運転士のように 「指さし&声出し」確認を習慣づける

写真はイメージ(C)日刊ゲンダイ

 60兆個あるといわれている人間の細胞には、約1000億個の脳細胞がある。その中に情報の伝達と情報処理を担う「ニューロン」という神経細胞が100億から140億あるという。

 だが、この細胞は40歳を過ぎると10年で5%ずつ減るという。減るとどうなるか。物忘れが多くなってくるのだ。ガスの元栓の閉め忘れ。玄関の鍵のかけ忘れ。人の名前を忘れる……。これは加齢による記憶力や判断力、適応力の衰えからくるものだ。

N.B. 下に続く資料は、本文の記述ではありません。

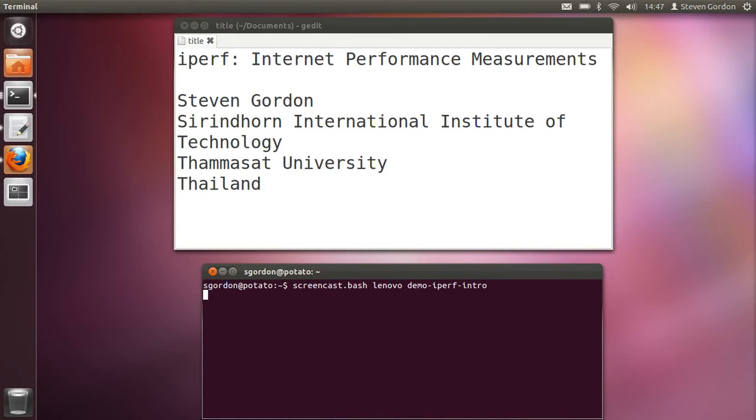I'm going to give a very simple introduction to using iperf on the command line, a network performance measurement tool.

 先日、知人男性と立ち寄ったワインバーで財布が入ったショルダーバッグを忘れてきた。知人の話が面白かったのと、隣のテーブルに居合わせた客の美女2人と楽しく会話したことでバッグの存在が希薄になったのだ。人は何かに気を取られると忘れ物をする。バッグは戻ったが気を付けなければと自戒した。

 こうした忘れ物を防ぐには「指さし確認」と「声出し確認」が一番良いのだが、この日はそれを怠っていた。僕は普段からドアの鍵を閉めたら「鍵閉めた。よし」と声を出して指さしている。これが頭を回転させる。部屋を出てから「あれ? 鍵をかけたかなぁ」と思うのは脳に自分の行動をしっかり記憶させていないからだ。